(Collected data)

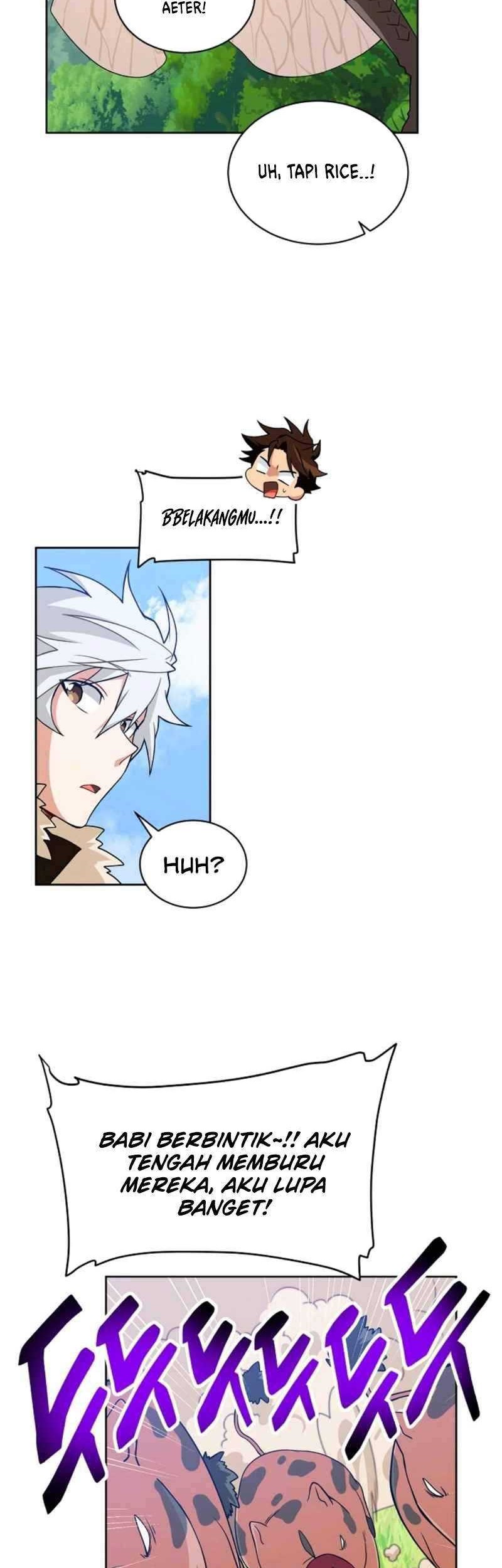 Please Have a Meal Chapter 27 Gambar 53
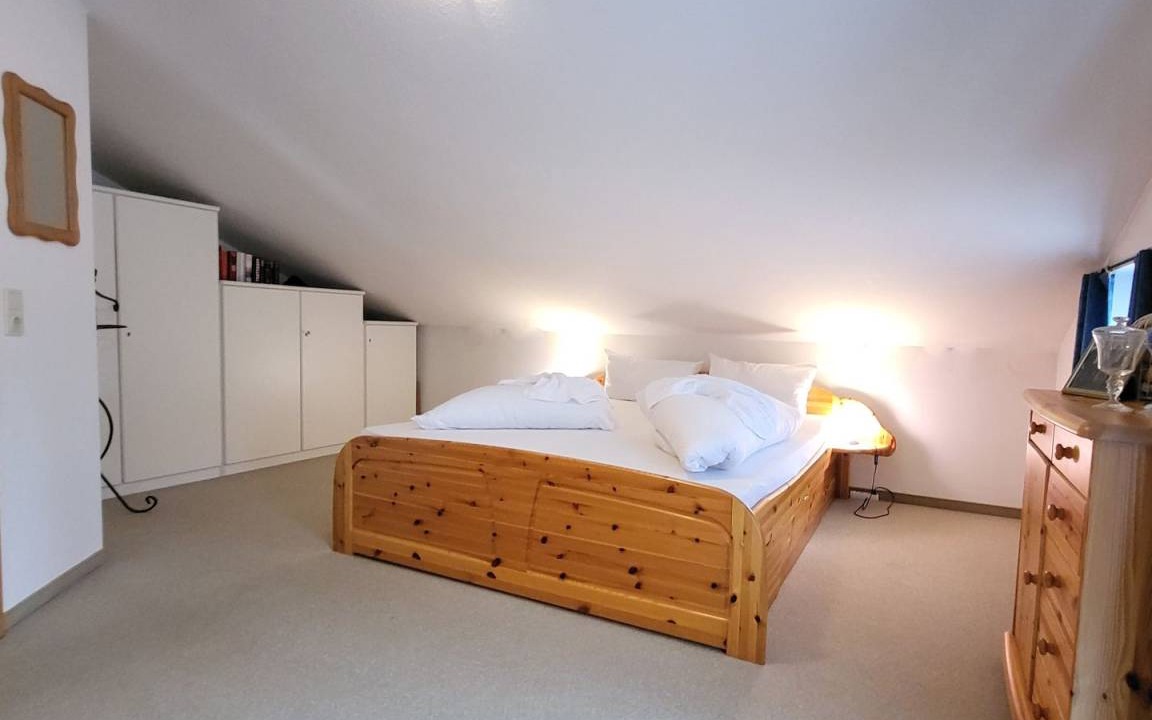 Photo of Bedroom in Rosshaupten
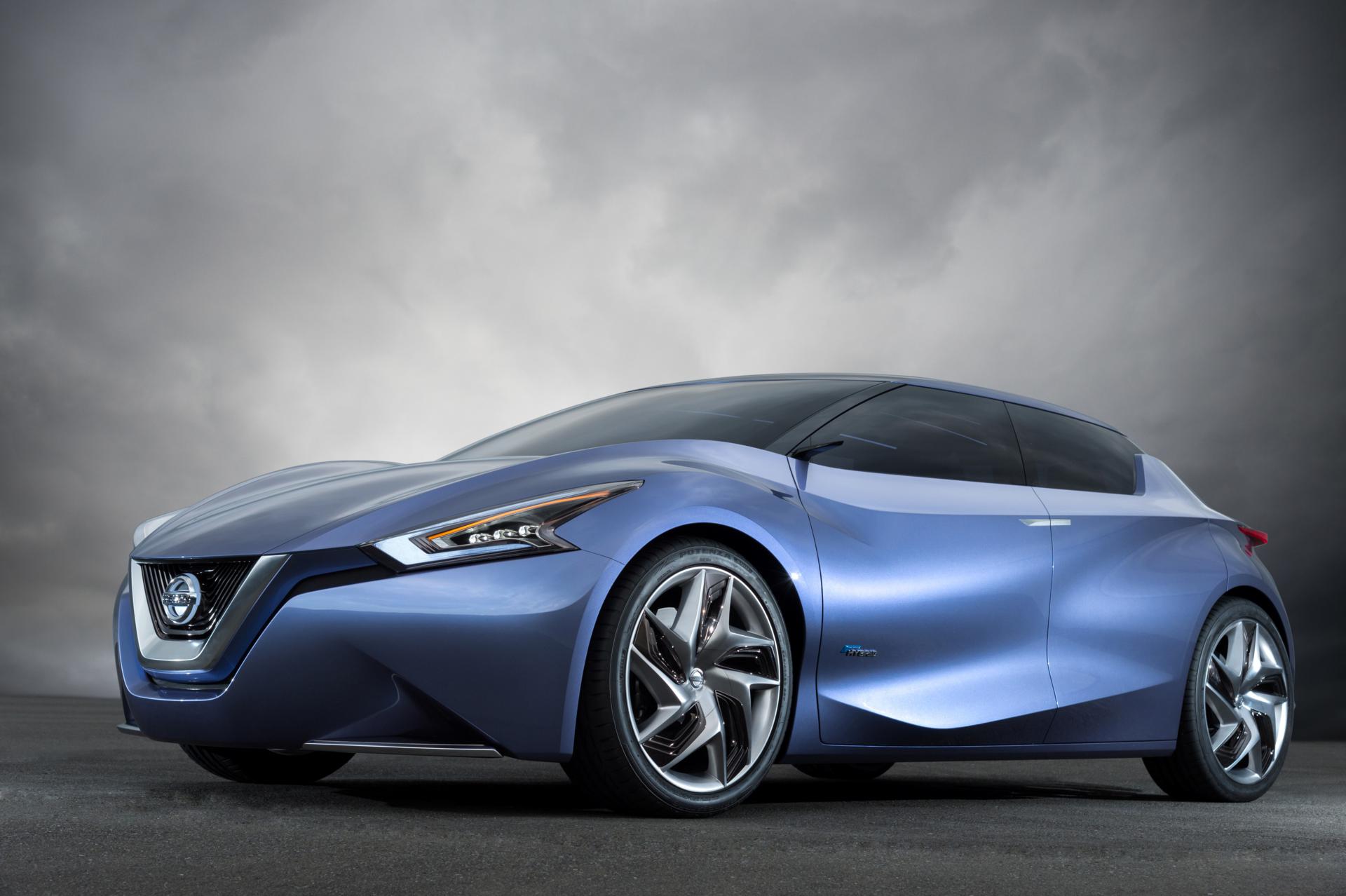 Nissan friend me 02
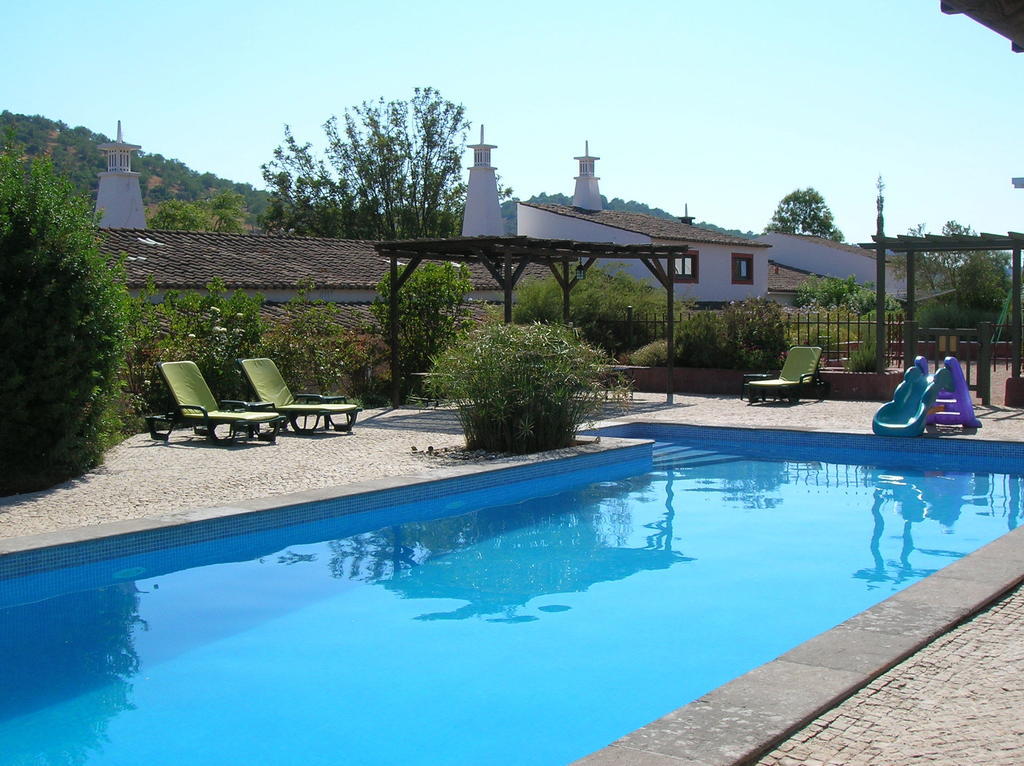 Hotel Fazendinha - Tavira - Spacious And Tranquil Exterior foto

(End Collected data)

=== Task prompt ===
The lines to write out run from the one containing "Photo of Bedroom in Rosshaupten" through the final line of the material above, both included; write them out exactly, with no pictures.

=== Answer for the task ===
 Photo of Bedroom in Rosshaupten
 Nissan friend me 02
 Hotel Fazendinha - Tavira - Spacious And Tranquil Exterior foto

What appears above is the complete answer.